Common anti-patterns

A few patterns you'll often see and should avoid:

"An agent that does everything"

A giant agent with a 400-line prompt covering fetch + render + validation + reporting. When something breaks, you never know where. Split into multiple agents/skills.

"Skill with business logic"

A Skill that makes decisions (complex if/else). The Skill should be deterministic. If you need decisions, that's an agent's job, not a skill's.

"Command without Execution Contract"

A Command that just says "call agent X, do this". Without an explicit contract, Claude takes shortcuts. Be explicit about what is mandatory and what is forbidden.

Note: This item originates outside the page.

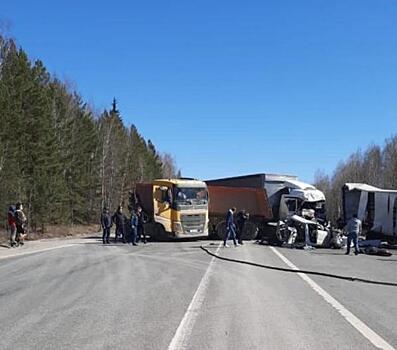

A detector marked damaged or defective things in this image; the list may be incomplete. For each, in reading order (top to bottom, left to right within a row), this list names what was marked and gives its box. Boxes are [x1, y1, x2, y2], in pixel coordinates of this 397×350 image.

damaged truck [204, 172, 332, 246]
damaged truck [340, 183, 396, 243]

"Permissive tool allowlist"

Giving ["*"] or all tools to an agent out of laziness. Consequence: contracts aren't respected and primitive routing collapses.

Full example: bug hunting

Putting it all together on a real case: a /find-bug workflow that takes a suspicious file and outputs a report.

/find-bug src/auth.ts
   │
   ├──> Agent(code-explorer)        [FETCH context]
   │       allowed-tools: [Read, Grep]
   │       skills: [astrep-parser]
   │
   ├──> Agent(bug-hunter)           [DECIDE: where bugs are]
   │       allowed-tools: [Read, Skill]
   │       skills: [vulnerability-patterns]
   │
   └──> Skill(report-formatter)     [RENDER the report]
           allowed-tools: [Write]

The Execution Contract in /find-bug:

You are forbidden from:
- Reading the file yourself directly (must go through code-explorer)
- Skipping bug-hunter even if you think you see the bug
You MUST:
1. Call Agent(code-explorer) with the target file
2. Pass its output verbatim to Agent(bug-hunter)
3. Pass bug-hunter's findings to Skill(report-formatter)

Three primitives, three roles, one contract. The workflow is readable, auditable, testable independently.